> [Listed records]
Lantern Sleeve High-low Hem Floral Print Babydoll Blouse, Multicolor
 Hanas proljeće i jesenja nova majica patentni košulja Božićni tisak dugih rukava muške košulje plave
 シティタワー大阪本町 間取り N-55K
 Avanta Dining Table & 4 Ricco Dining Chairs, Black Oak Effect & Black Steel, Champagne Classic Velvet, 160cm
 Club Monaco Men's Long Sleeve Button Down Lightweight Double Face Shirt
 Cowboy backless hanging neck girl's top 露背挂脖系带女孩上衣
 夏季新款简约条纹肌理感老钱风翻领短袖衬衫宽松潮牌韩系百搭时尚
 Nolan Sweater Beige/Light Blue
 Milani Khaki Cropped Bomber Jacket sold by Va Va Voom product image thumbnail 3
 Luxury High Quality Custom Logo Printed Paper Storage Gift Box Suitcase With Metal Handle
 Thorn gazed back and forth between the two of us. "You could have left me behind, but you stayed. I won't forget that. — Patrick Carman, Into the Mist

> [What you will do]
Set down all of the data above again, exactly.

> [Result of this exercise]
Lantern Sleeve High-low Hem Floral Print Babydoll Blouse, Multicolor
 Hanas proljeće i jesenja nova majica patentni košulja Božićni tisak dugih rukava muške košulje plave
 シティタワー大阪本町 間取り N-55K
 Avanta Dining Table & 4 Ricco Dining Chairs, Black Oak Effect & Black Steel, Champagne Classic Velvet, 160cm
 Club Monaco Men's Long Sleeve Button Down Lightweight Double Face Shirt
 Cowboy backless hanging neck girl's top 露背挂脖系带女孩上衣
 夏季新款简约条纹肌理感老钱风翻领短袖衬衫宽松潮牌韩系百搭时尚
 Nolan Sweater Beige/Light Blue
 Milani Khaki Cropped Bomber Jacket sold by Va Va Voom product image thumbnail 3
 Luxury High Quality Custom Logo Printed Paper Storage Gift Box Suitcase With Metal Handle
 Thorn gazed back and forth between the two of us. "You could have left me behind, but you stayed. I won't forget that. — Patrick Carman, Into the Mist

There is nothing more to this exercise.